Question 1

Is gStride AI SOC 2 compliant?

Accepted Answer

gStride AI is SOC 2 Type II in active scoping with our auditor; report expected Q4 2026. Day-one controls are already implemented — least-privilege role-based access, encrypted backups, change-control workflow, vendor risk register, and quarterly security review. Enterprise customers can request the current bridge letter, gap assessment, and policy pack under NDA via security@gstride.ai. The honest shipped-versus-roadmap view is on the coverage matrix.

Question 2

Is gStride AI GDPR compliant?

Accepted Answer

Yes. gStride processes employee productivity data under documented lawful purposes (legitimate interest plus contractual necessity), supports data principal rights (access, rectification, erasure, portability) within scope, and runs per-feature opt-in monitoring with worker notice at engagement start. The platform supports configurable retention windows by data class and a published DPA available to all paid customers. For deployer obligations under Article 26 of the EU AI Act, the same per-feature opt-in plus audit-trail model applies — both posture documents are reviewable on request.

Question 3

Does gStride AI support SSO and SAML?

Accepted Answer

Yes — SAML 2.0 and OIDC are native on Pro and Enterprise plans. Tested identity providers include Okta, Microsoft Entra ID (Azure AD), Google Workspace, OneLogin, and JumpCloud. SCIM 2.0 user provisioning is available on Enterprise for automated joiner-leaver-mover flows. MFA can be enforced at the IdP layer (recommended) or as a fallback at the gStride layer for accounts not behind SSO. Role assignment maps from IdP groups so an HR-system role change propagates without a manual re-grant.

Question 4

Where is my data stored, and can I choose the region?

Accepted Answer

Production data sits in Microsoft Azure regions — primary in West Europe (Netherlands) for EU customers, Central India (Pune) for India and APAC, and East US 2 (Virginia) for US customers.
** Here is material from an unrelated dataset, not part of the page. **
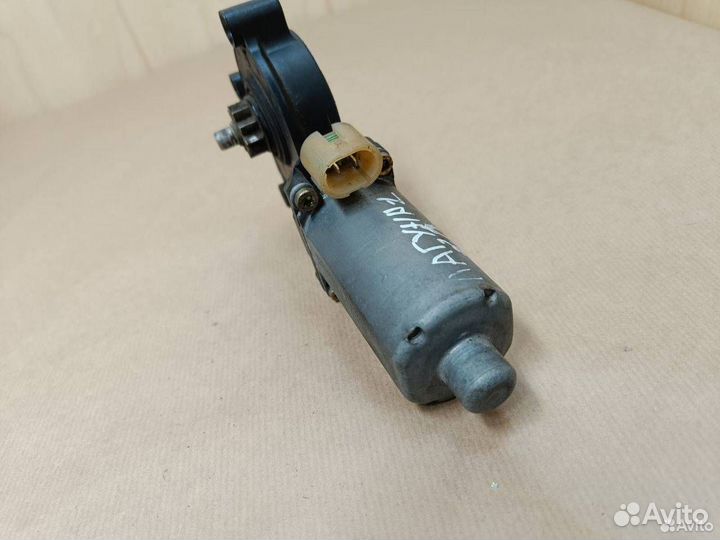 Моторчик задний левый Renault Laguna 192922-000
Region selection is configurable at the tenant level on Enterprise plans with a one-time setup; the chosen region is bound for the life of the tenant. Backups are encrypted with AES-256 at rest and replicated within-region only. India tenants are anchored in Pune for DPDP locality preference; EU tenants are anchored in Netherlands so personal data does not leave the EEA without a documented transfer mechanism.